ALLOW_ONLY_HP_MATCHES = False

In [2]:
# Load data
import pandas as pd

DIFFERENCE_THRESHS = [1.05, 1.1, 1.5, 3, 4.5]

data = pd.read_csv("latent_trials.csv")
data.head()

Unnamed: 0,Classifier,Based on AE,sigma,precision,recall,f-score,max_iter,auc,n_estimators,max_depth,min_samples_leaf,numEstimators,C,gamma,kernel,probability,algorithm,leaf_size,n_neighbors
0,ReconstructionThreshold,202302160023,1.05,0.833333,0.3125,0.454545,,,,,,,,,,,,,
1,ReconstructionThreshold,202302160023,1.1,0.833333,0.3125,0.454545,,,,,,,,,,,,,
2,ReconstructionThreshold,202302160023,1.5,1.0,0.25,0.4,,,,,,,,,,,,,
3,ReconstructionThreshold,202302160023,3.0,1.0,0.125,0.222222,,,,,,,,,,,,,
4,ReconstructionThreshold,202302160023,4.5,0.0,0.0,0.0,,,,,,,,,,,,,


In [3]:
# Add processed classifer column
data["Processed Classifier"] = [classifier + "_" + str(sigma) if classifier == "ReconstructionThreshold" else classifier for classifier, sigma in data[["Classifier", "sigma"]].values]
data = data.drop(columns=["Classifier"])

data["Dataset"] = [DATASET for _ in data.index]

In [4]:
# Add AE data
ae_data = pd.read_csv("ae_trials.csv")
ae_data = ae_data[["name", "type", "input_size", "attempt"]]
ae_data.head()

Unnamed: 0,name,type,input_size,attempt
0,202302160023,Adversarial AE,4096,0
1,202302160026,Vanilla AE,4096,0
2,202302160028,Adversarial AE,4096,1
3,202302160031,Vanilla AE,4096,1
4,202302160033,Adversarial AE,4096,2


In [5]:
# Convert AE data to dict and add to ll data
ae_data = {name: [ae_type, input_size, attempt] for name, ae_type, input_size, attempt in ae_data.values}

data[["Type", "Input Size", "Attempt"]] = [ae_data[name] for name in data["Based on AE"].values]

In [6]:
# Create groups and check if hyper-params are the same
columns_not_to_check = [""]

data_uniqueness = data
data_uniqueness = data_uniqueness.drop(columns=["precision", "recall", "f-score", "Dataset", "Type", "Input Size"])
data_uniqueness = data_uniqueness.groupby(["Based on AE", "Processed Classifier"], group_keys=False).nunique()
data_uniqueness["HP Match"] = [all([n<=1 for n in v]) for v in data_uniqueness.values]

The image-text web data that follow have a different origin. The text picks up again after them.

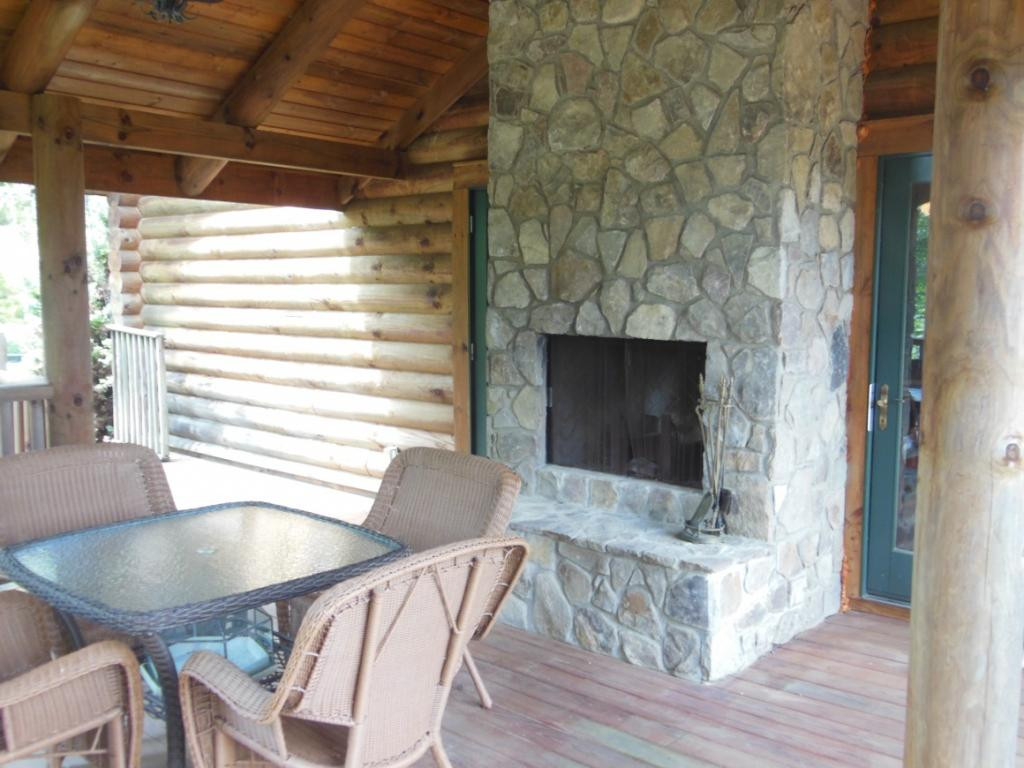 1202 May's Rdg Road Butler, TN 37640 - Photo 16 of 29 Outdoor Fireplace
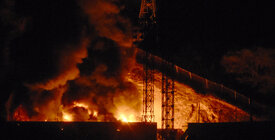 Rig on fire at night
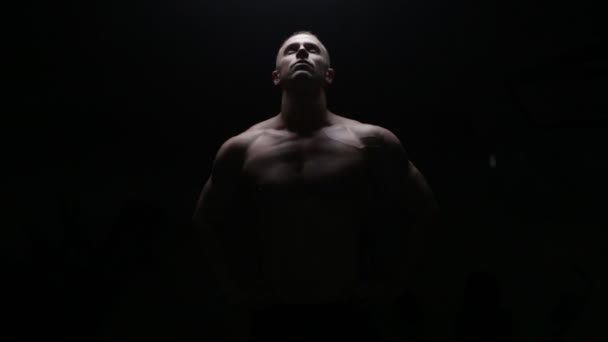 Bodybuilder poseren in donker — Stockvideo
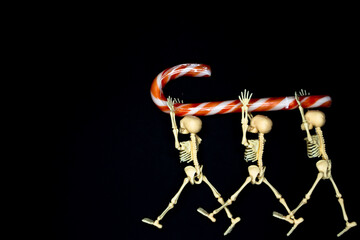 Three skeletons carry a candy cane. Halloween treats. Halloween parties. Day of the Dead.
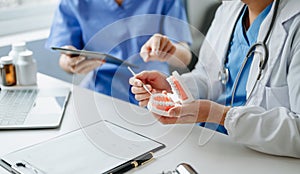 Dentist sitting at table with jaw samples tooth model and working with tablet and laptop in dental office professional dental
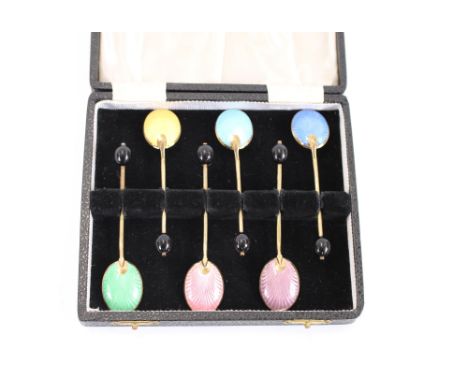 A cased set of six silver gilt and enamel bean end coffee spoons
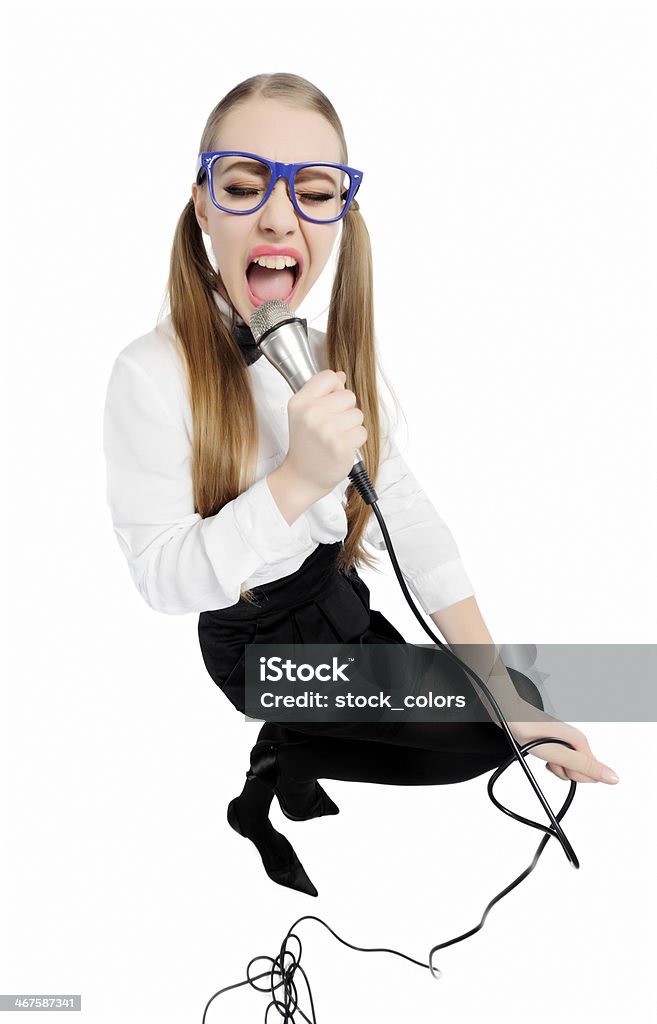 singing and having fun funny nerd with horn rimmed eyeglasses singing at microphone. 20-29 Years Stock Photo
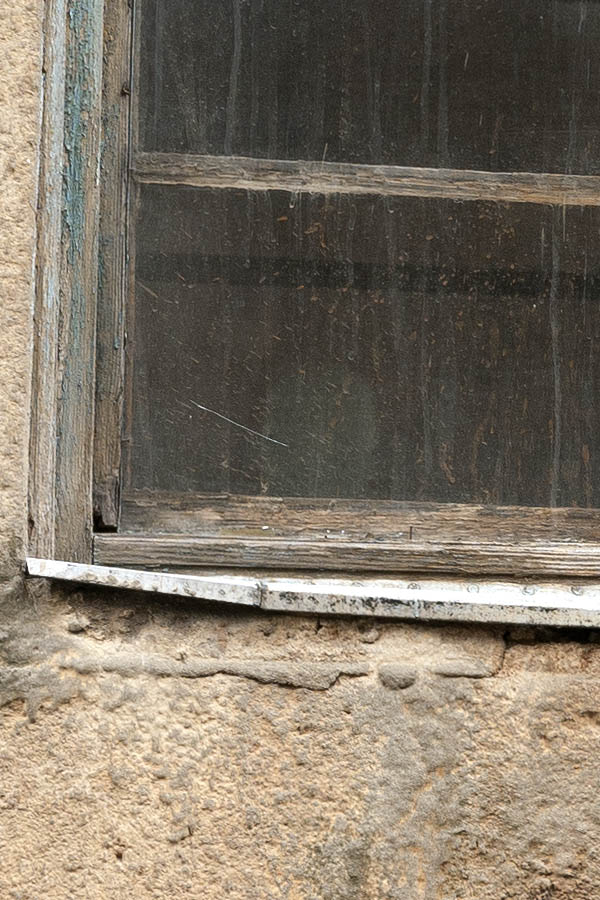 Photo 12807: Worn, teal window with four frames and seven panes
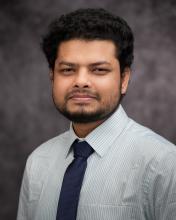 Headshot of Atikur Rahman in a blue and green thin lined striped shirt with a blue tie and grey blurred background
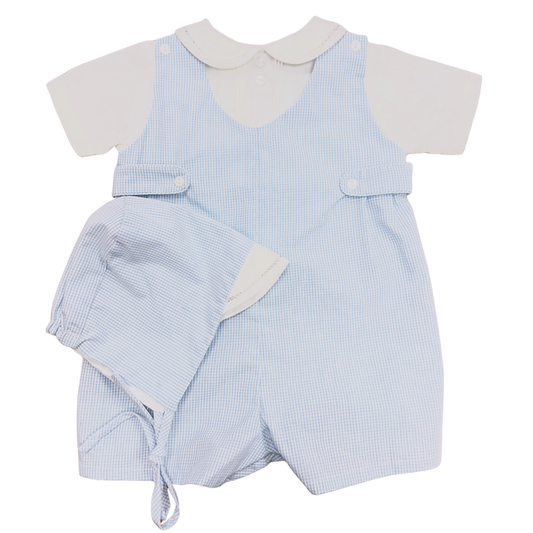 Baby boy blue micro check romper worn over white collared shirt with matching bonnet, photographed on a white background.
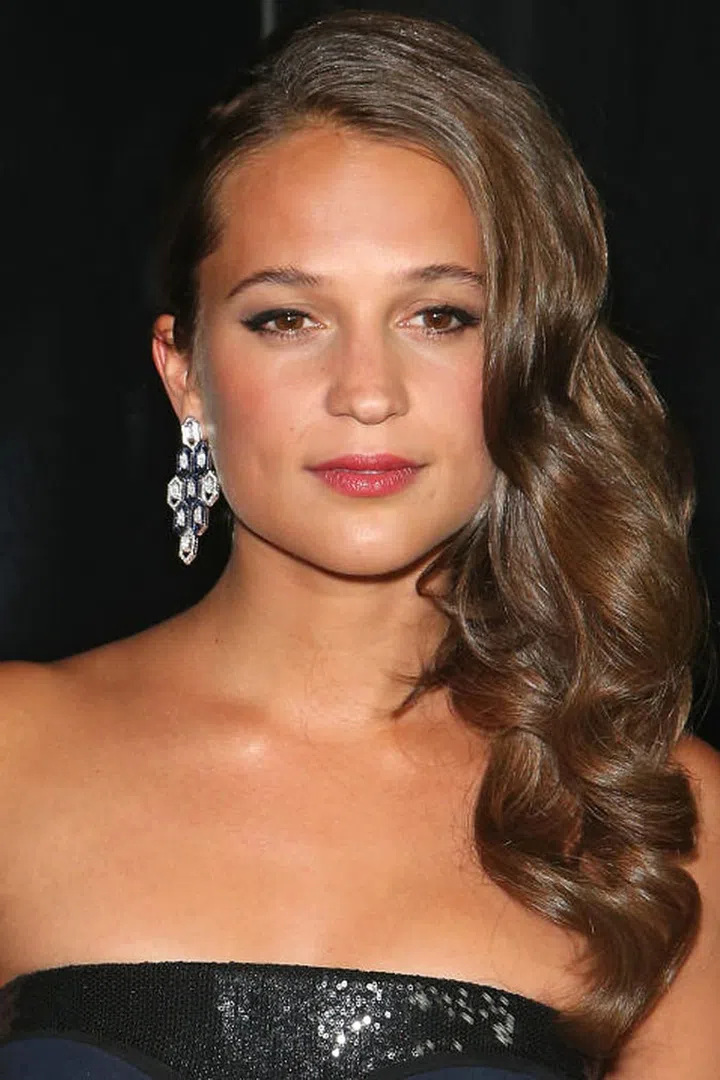 Vikander serves up Old Hollywood glamour with over-the-shoulder waves and a sleek, side-parted crown. Photo: Getty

data_uniqueness = {(i[0], i[1]): same_hp for i, same_hp in zip(data_uniqueness.index.values, data_uniqueness["HP Match"].values)}

data["HP Match"] = [data_uniqueness[b_ae, pc] for b_ae, pc in data[["Based on AE", "Processed Classifier"]].values]
data["Classifier"] = data["Processed Classifier"]
data = data.drop(columns=["Processed Classifier"])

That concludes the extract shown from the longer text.